◆ Task goal
Please repeat exactly the lines from the one containing "Guide to the MGM Mirage Corporation Records" through the last line of the records below, leaving out any pictures.

◆ Source material
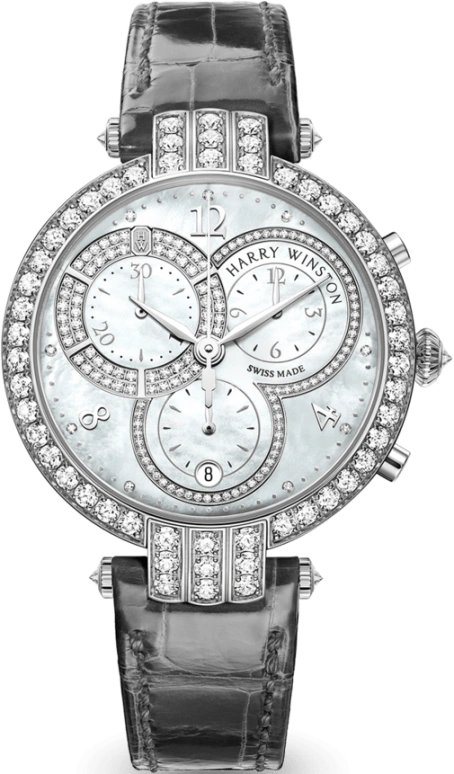 Harry Winston,The Premier 40mm,40mm,Gold,White Gold,Light,Blue,Quartz,In-house Caliber,Mother of Pearl,PRNQCH40WW001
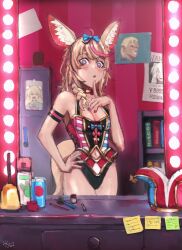Rule 34 | 1girl, animal ears, armband, bare shoulders, black leotard, blonde hair, blue bow, blush, bow, braid, breasts, can, cleavage, clothing cutout, cowboy shot, drink can, fingernails, fox ears, fox tail, hair bow, hair over shoulder, hand on own hip, hat, highres, hololive, jester cap, leotard, looking at viewer, luqosan, medium breasts, mirror, momosuzu nene, multicolored hair, nail polish, navel, navel cutout, omaru polka, omaru polka (1st costume), parted lips, pink nails, poster (object), purple eyes, soda can, solo, star-shaped pupils, star (symbol), sticky note, streaked hair, symbol-shaped pupils, tail, unworn hat, unworn headwear, virtual youtuber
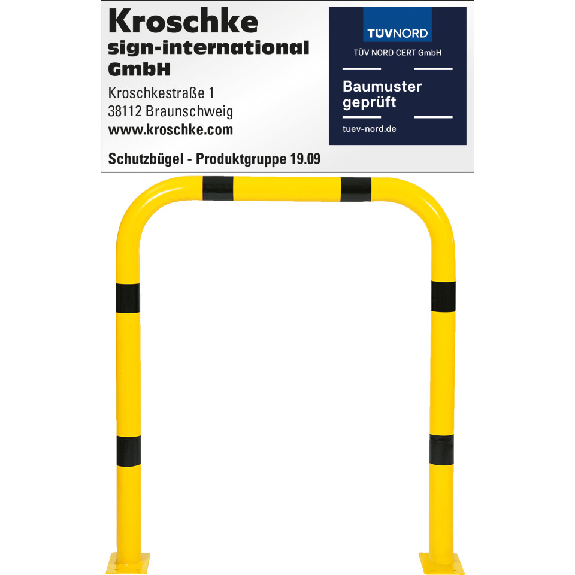 Schutzbügel, zum Aufdübeln, gelb/schwarz, Stahl, verzinkt, pulverb., Ø76mm, 1000x1150mm Schutzbügel, zum Aufdübeln, gelb/schwarz, Stahl, verzinkt, pulverb., Ø76mm, 1000x1150mm-Beschreibung lesen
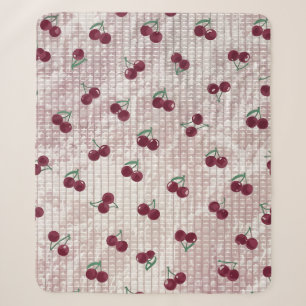 Kirsch-Häkeldecke-Illustration – Pastellrosa Sherpadecke
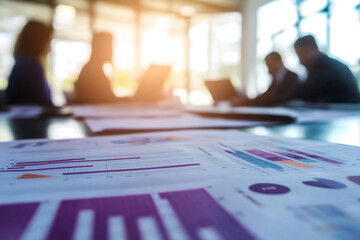 Blurred image of businesspeople working, documents with graphs in focus, suggesting collaboration, analysis, and business growth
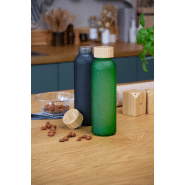 Gourde en verre givré - bouchon en bambou - 500 ml - couleur verte_2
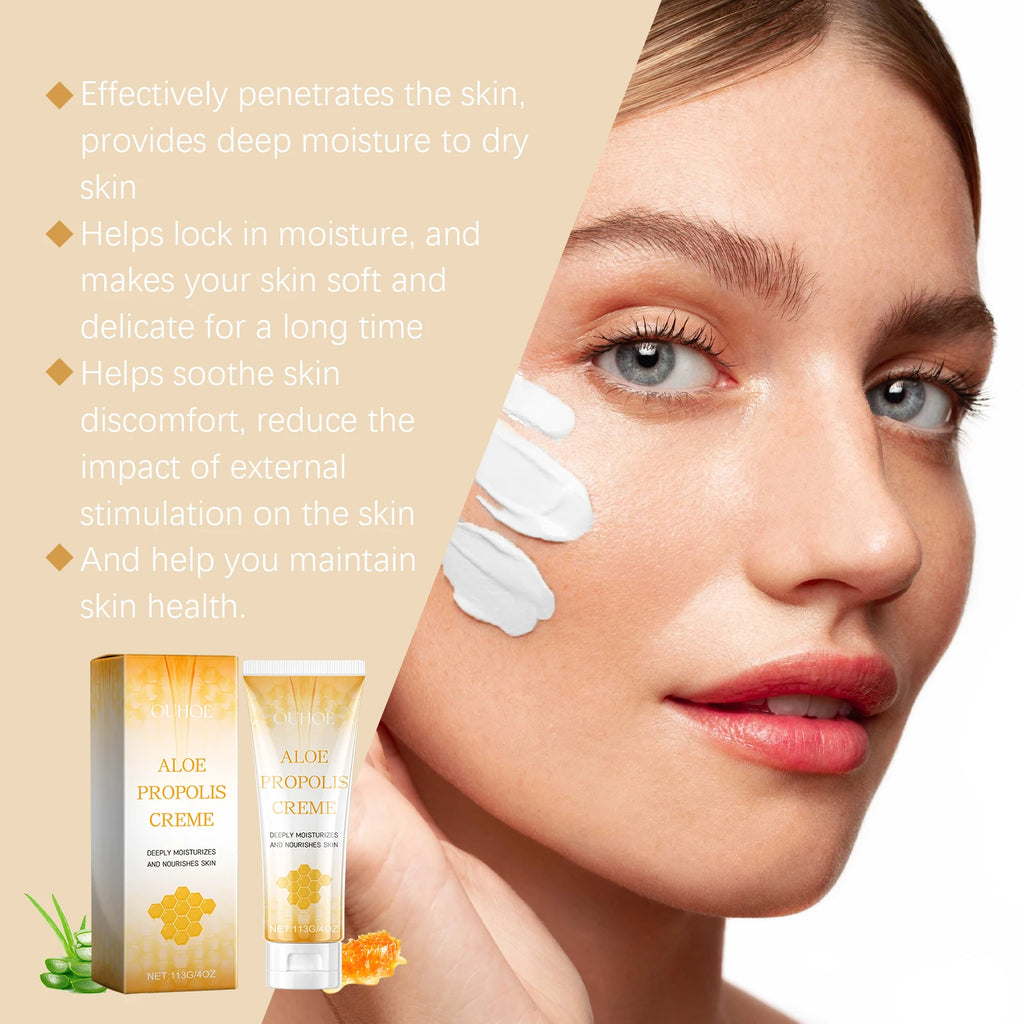 Aloe Propolis Moisturizing Cream Soothing Repairs Nourishing Wrinkles Remover Rejuvenating Brightening Face & Body Cream Qme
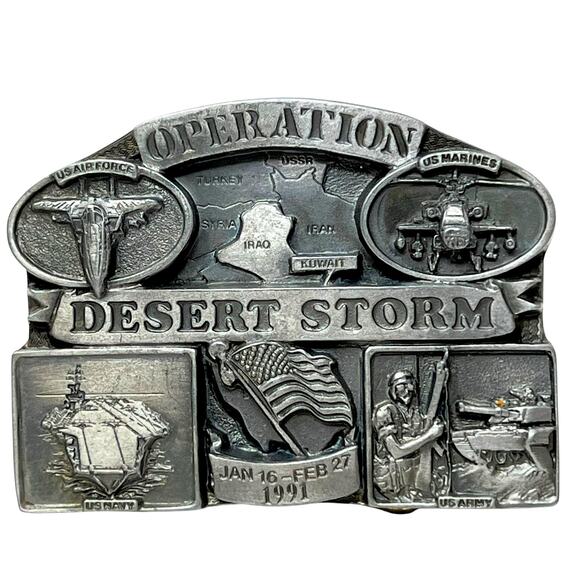 Operation Desert Storm Commemorative Pewter Belt Buckle Special Limited Edition - Picture 1 of 6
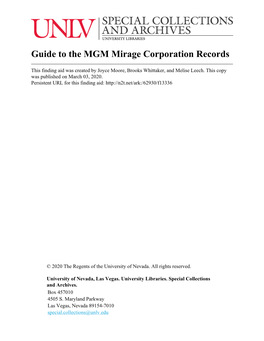 Guide to the MGM Mirage Corporation Records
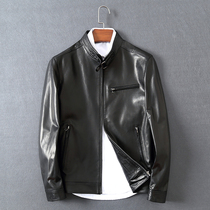 Leather leather clothing men imported goatskin collar leather jacket Korean handsome slim short thin coat special tide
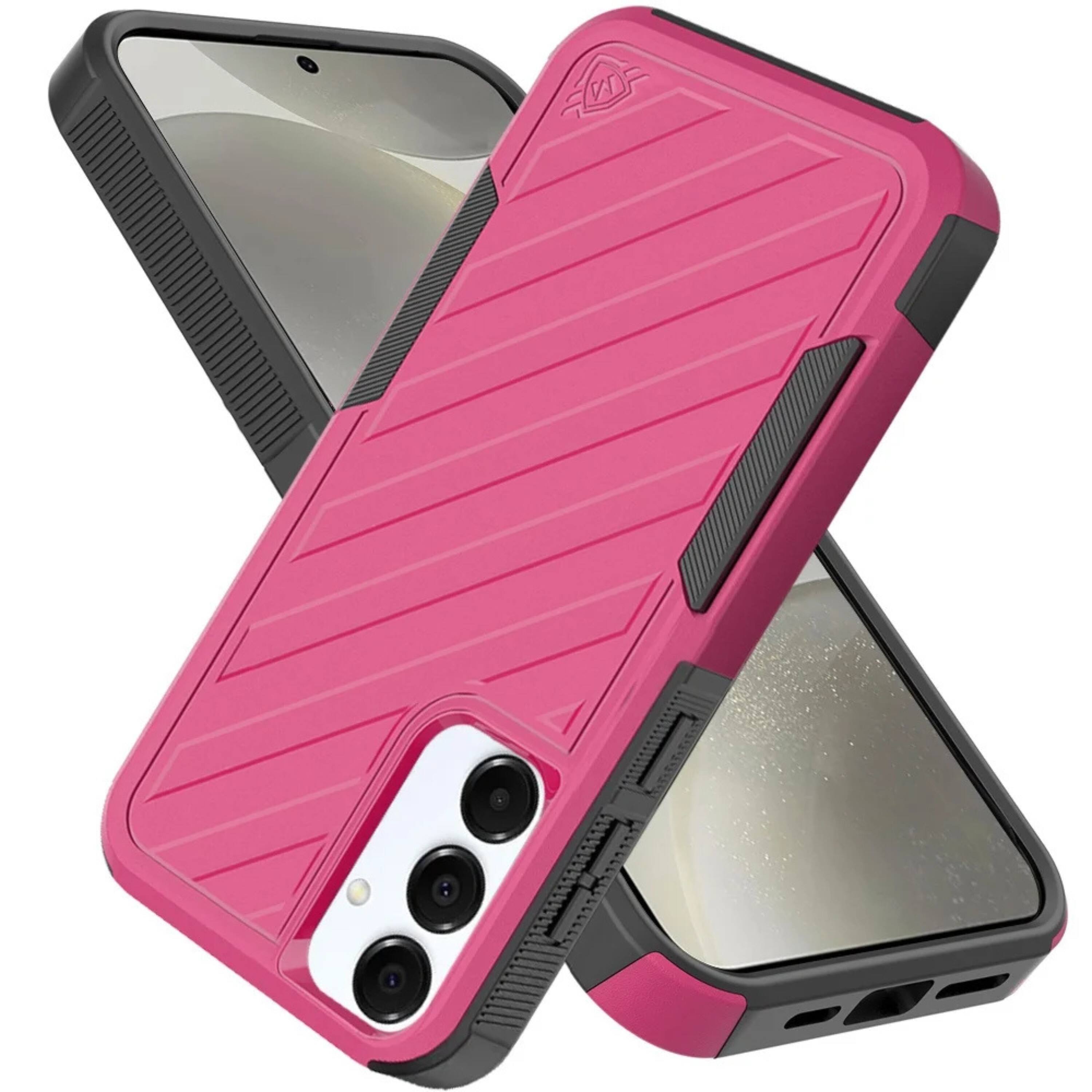 Left. Kitcheniva - Shockproof Rugged Case For Samsung S25 Plus S24 Plus Dual Layer Design Hot Pink - Pink.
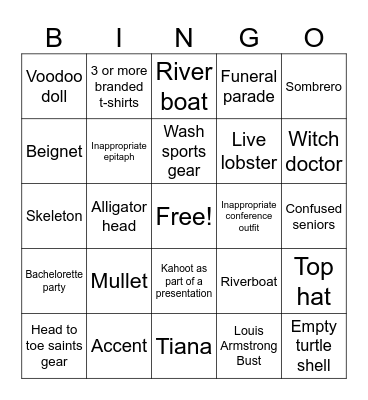 New Orleans Bingo Card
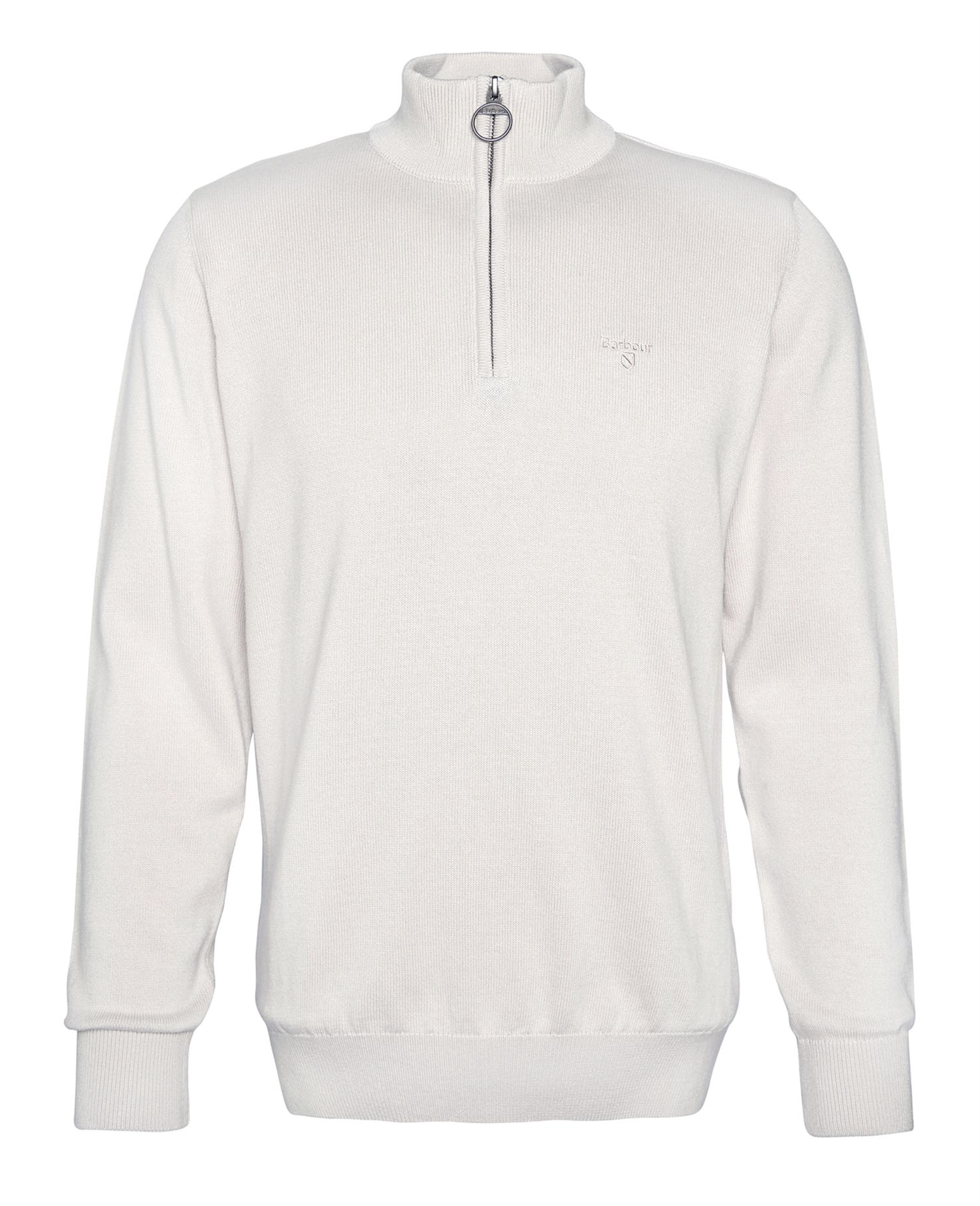 Genser - Cotton Half Zip Knit Jumper Mist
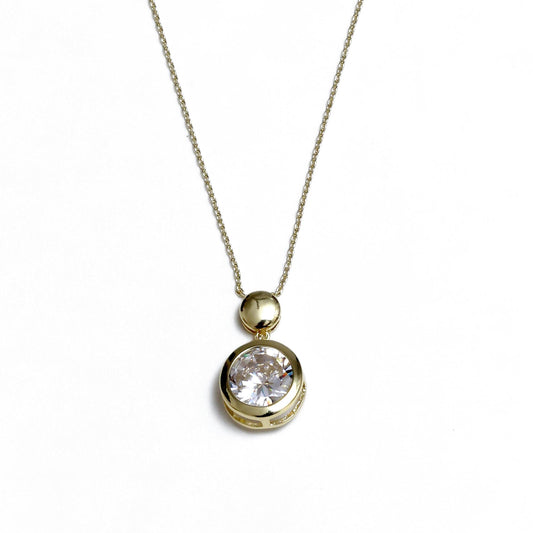 Glimii elegant layering necklace with gold chain and round clear crystal pendant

◆ Response area
 Guide to the MGM Mirage Corporation Records
 Leather leather clothing men imported goatskin collar leather jacket Korean handsome slim short thin coat special tide
 Left. Kitcheniva - Shockproof Rugged Case For Samsung S25 Plus S24 Plus Dual Layer Design Hot Pink - Pink.
 New Orleans Bingo Card
 Genser - Cotton Half Zip Knit Jumper Mist
 Glimii elegant layering necklace with gold chain and round clear crystal pendant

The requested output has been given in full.